Shadowed (Team Zero #4) by Rina Kent



I refused to hear them.

“Zoe.” I try to shake her but she doesn’t move. “Open the door.”

Mum’s shouts become hysterical and almost scary.

“No, you won’t!” Mum yells. “You can’t leave!”

No. The memory is reversed. Dad said that and stopped her from leaving, not the other way around.

Tears fill my eyes when a crashing fact hits me.

This is the last night I heard the fighting. The next morning, they’ll both be dead.

“I won’t allow my daughter to live with someone like you.” Dad’s voice is restrained. He usually holds his temper more than Mum, but not that night. “You’re ruining her. She’s only a child, stop filling her head with your nonsense.”

“She’s mine to do whatever I wish!” Mum’s muffled voice. “You think I’ll let you live happily ever after with her? Over my dead body.”

No. It’s the other way around. Dad said that. Mum wanted to protect me. Dad wanted to kill me.

“Remove that pillow,” I coax, sitting beside Little Zoe. “Please open the door. Let me see Mum one last time.”

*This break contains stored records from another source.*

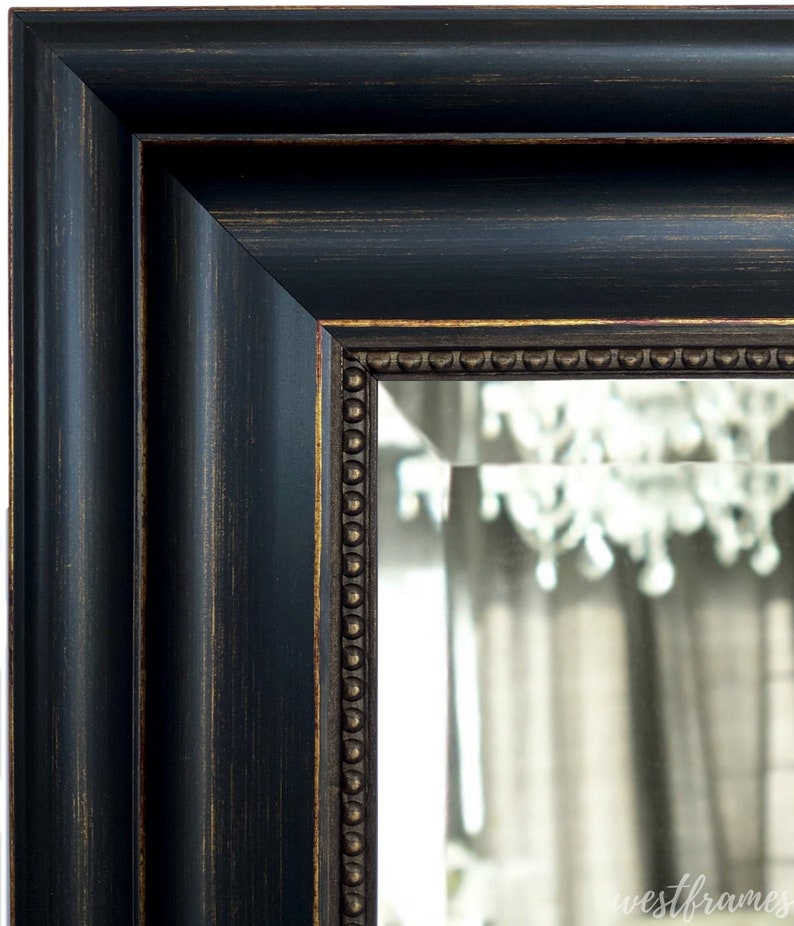 West Frames Montreal Distressed Antique Black & Gold Framed Etsy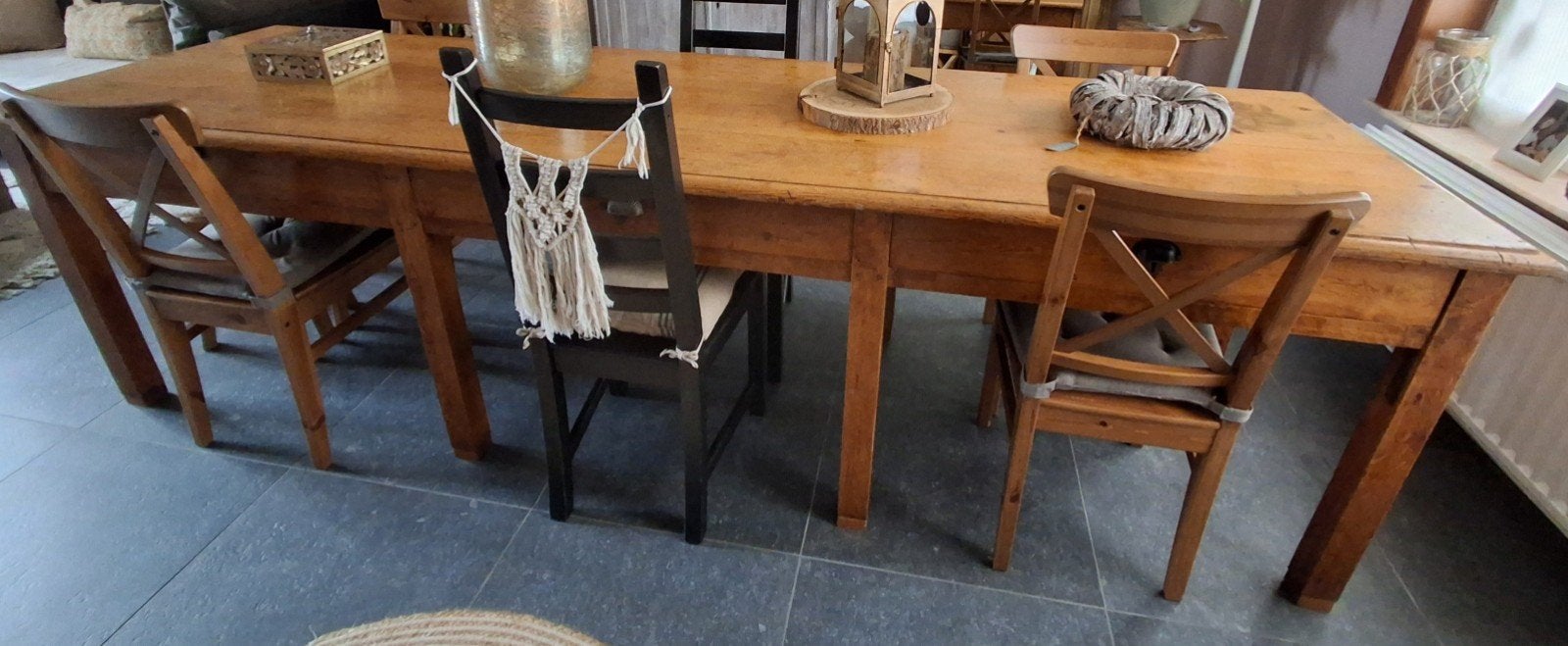 Grande table ancienne en pitchpin – 287 cm – 3 tiroirs, Enlèvement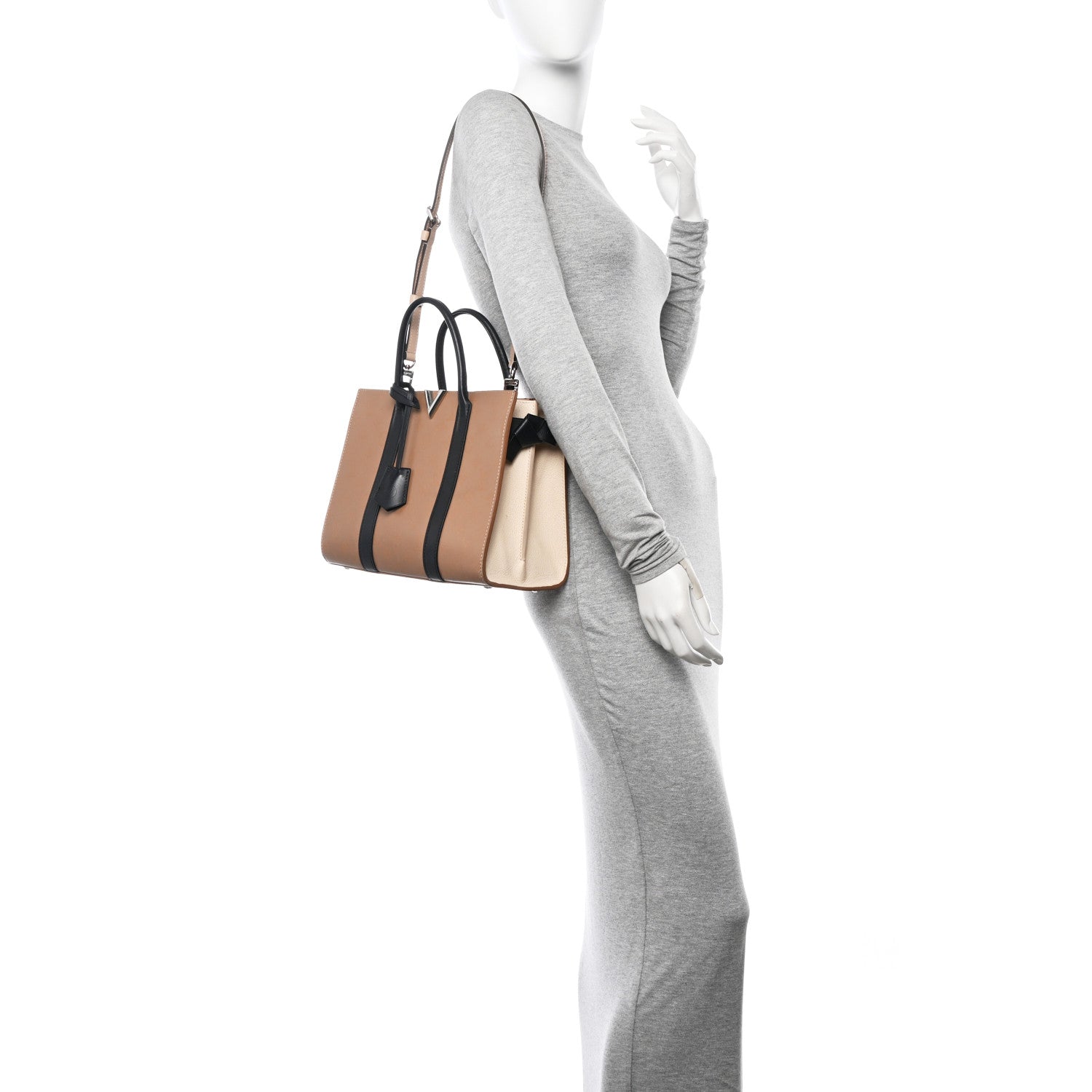 Louis Vuitton Monogram Cuir Plume Very Tote MM Sesame Creme 2 of 19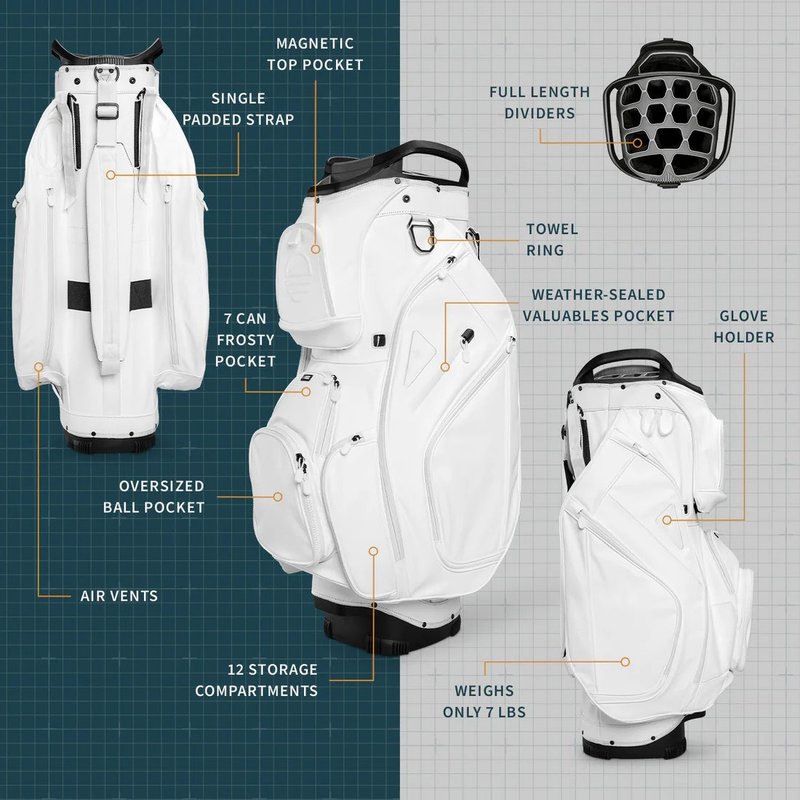Sunday Golf Big Rig S-Class cart bag, blanc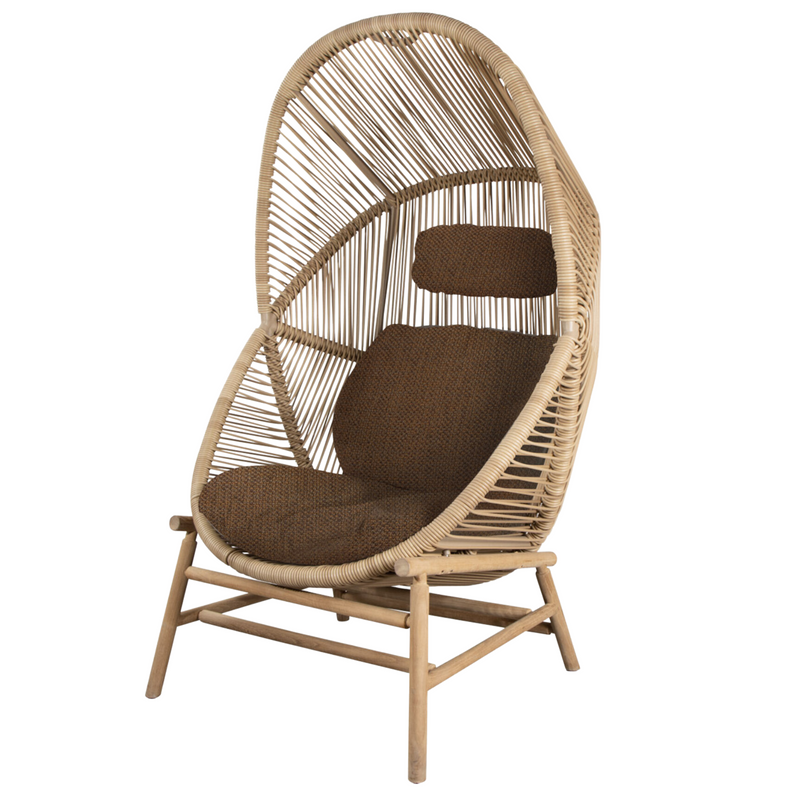 cane line hive chair Natural, small round tube Cane-line Weave with teak base and Umber brown, Cane-line Rise cushion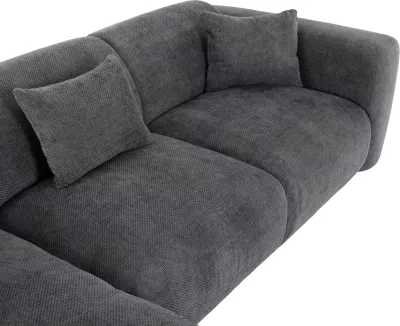 Divan qoshe, BRICKEN FH3275.04L, pëlhurë antracit, 110-282x98-160x72H cm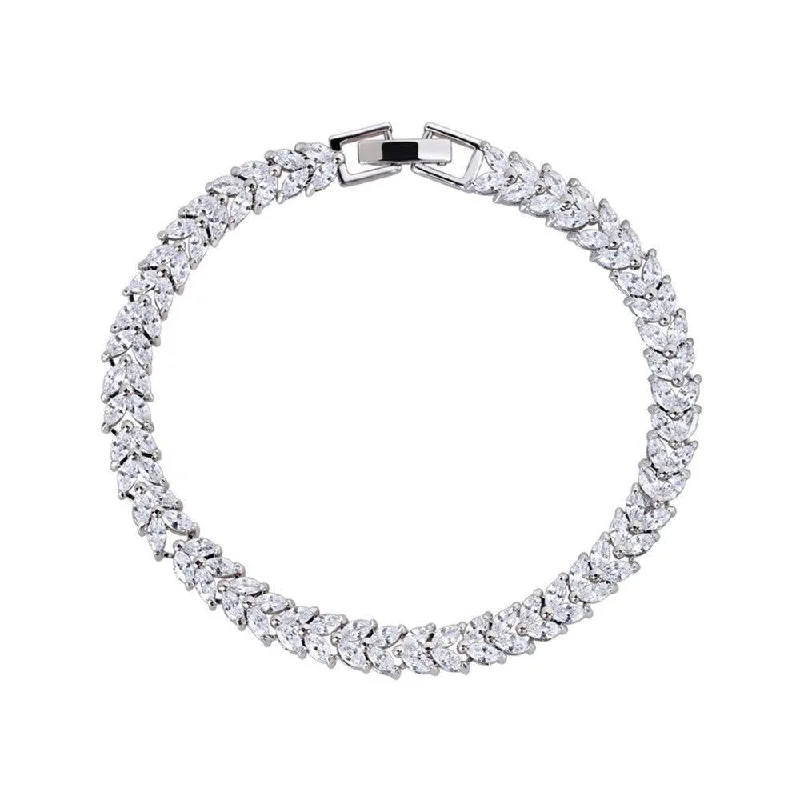 Bangles with claw-set tourmaline for vibrancy -Marquise and Pear Cut Cubic Zirconia Tennis Bracelet White Diamond Cubic Zirconia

Little Zoe is whimpering and murmuring something. She lets go of the pillow and hugs her knees to her chest. Tears stream down her cheeks as she chants in a low haunted tone.

“Daddy isn’t a hero, he’s a monster. He kills children like me in the war. I shouldn’t love Daddy because he forced Mummy. Daddy is one of the bad guys…”

A sob catches in my throat. I don’t even remember this. This whole night is a blur in my memories, but I didn’t realise I was in so much pain back then.

I reach a hand to Little Zoe’s head. I want to stroke her hair and tell her everything will be all right. It won’t, but I needed to hear that at the time. I needed someone to give me comfort, but I never got any.

This small, whimpering girl will grow into a woman full of bitterness.

The moment my hand touches her, I’m thrown back to the present, still whimpering. Tears glue my lids together and stream down my cheeks.

I open my eyes and the face hovering over me causes another sob to tear from my throat.

Shadow sits on the side of the bed, brows furrowed. “What’s wrong?”

He sounds genuinely worried like he hates seeing me cry.

I sit up and throw myself in his arms. I need to hug him and make sure this warmth is real.

He didn’t leave me alone.

He’s back.

His fingers thread through my hair and he strokes the strands dampened with sweat off my forehead. We remain like that for what seems like forever. My breathing slows down the more his touch soothes my nerve endings.

“Who did this to you?” he asks slowly as if he’s plotting murder.

“No one.” I trace my fingers along his jawline, half-expecting him to disappear. “I thought you won’t return.”

His lips lift in a smirk. “You can’t get rid of a monster, beautiful.”

“Then why are you only here now?”

He strokes my bottom lip as he smiles. It’s not any smile. This one is full of triumph as if he scored some championship. He thinks I’m finally giving in and maybe I am. At this moment, I don’t want to be alone with my thoughts and screwed up childhood memories.

“I had to take care of a few urgent things or I wouldn’t have left,” he says.

I don’t push on the ‘urgent things’. If it has to do with killing, then I’d rather not know.

Instead, I offer something back. “About yesterday, the only reason I asked you to leave is because I didn’t want an unnecessary conflict between you and Liam.”

“Are you lying to me to save his life?”

I push away from him so his body heat isn’t overwhelming mine. “You can’t go on killing people just because you can.”

“I won’t.”

I eye him suspiciously. “You won’t?”

“I’m tempted to…” At my glare, he trails off. “But I can control myself for you.”

For me.

He’s making an effort for me. Why does the thought fill me with unprecedented joy?

With a scowl, he snatches my arm and yanks me towards him until I’m sitting on his lap. “Now, don’t leave just because you can. That’s not how this works, beautiful.”

I smile despite myself. “You’re weird. Did you know that?”

“I can take weird. I’ve been called worse.”

As his metallic gaze meets mine, I realise for the first time that maybe I’ve been hurting him every time I called him a monster.

You abandoned him like his parents. Nonna’s words play at the back of my head and I feel like the shittiest person alive. I know first-hand how childhood trauma can shape a person’s life. I can’t begin to imagine how Shadow sees the whole thing.

Something in me, an irrational, hormone-driven side wants to make him feel better. I reach out and plant a kiss on his cheek. “Liam is my childhood friend, not my boyfriend. We’ve known each other for more than fifteen years.”

He narrows his eyes. “That long?”

I nudge him. “Nothing happens between us. He’s like my big bro.”

His eyes squint further like he doesn’t believe me. “I still don’t like it.”